Karukan brings LLM-driven kana→kanji conversion into the IME layer, trading extra inference cost for measurably better context-aware disambiguation and live suggestions. Instead of relying solely on dictionary lookup, it uses a local GPT-2–style model (inference via llama.cpp) plus dictionaries and rewrite rules to surface more natural candidates as you type.
What Sets It Apart
- Neural conversion integrated with an IME: the core conversion step is model-based, so surrounding text and local context influence candidate ranking — this reduces wrong-homophone selections in multi-word contexts.
- Live, low-interruption suggestions: live conversion mode updates candidates while typing (no Space required), improving typing flow for users who prefer inline feedback.
- Hybrid pipeline (model + dictionaries + rewriter): model inference is combined with a Sudachi-derived system dictionary and Mozc-origin rewriters, so rare or specialized words can still be provided by the dictionary while the model handles contextual choices.
- Learning cache and prediction: user selections are stored and prioritized (including prediction via prefix matches), so the IME adapts to personal vocabulary and shortcuts over time.
Who It's For and Tradeoffs
Great fit if you want more context-aware Japanese input on Linux (fcitx5) or macOS and are comfortable managing local model files. Expect improved multi-word and context-sensitive conversions compared to dictionary-only IMEs, and faster personalization via the learning cache.

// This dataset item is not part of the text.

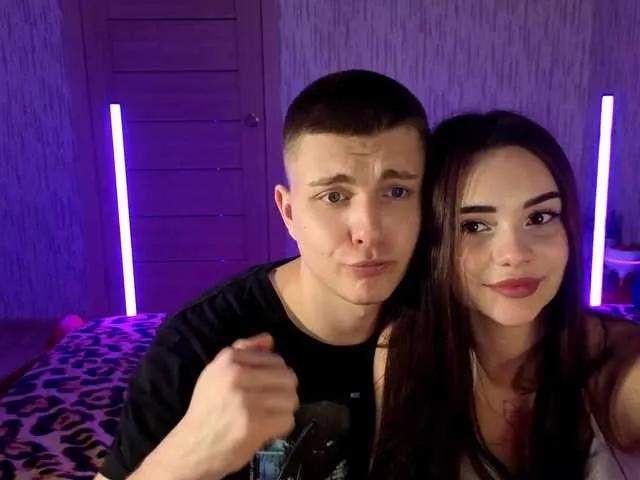 Try 18 years old DenisSofia from BongaCams DenisSofia from BongaCams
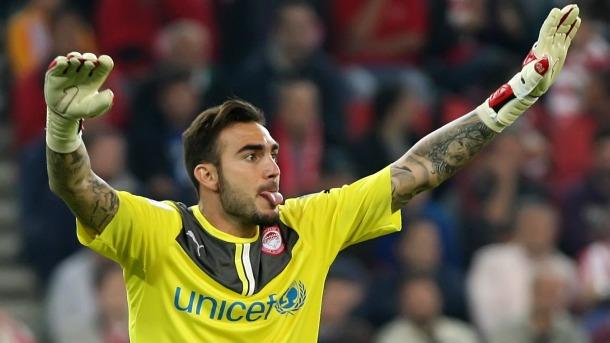 Ρομπέρτο: Έχω πολλά να κάνω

Look elsewhere if you need a lightweight, zero-setup IME: initial startup requires downloading GGUF/tokenizer files from Hugging Face and running local inference, which increases startup latency and memory/CPU usage. Surrounding-text improvements rely on host application support (many Linux apps lack full fcitx5 surrounding-text APIs). For low-spec machines, configure the provided light model/light strategy to reduce resource use.
Where It Fits
Karukan sits between classical dictionary-driven IMEs (Mozc/SKK) and cloud-assisted input tools: it preserves offline/local inference and privacy while using LLM-style reasoning for contextual choices. Use a system dictionary alongside the model for best coverage, and enable the learning cache for rapid adaptation to personal terms.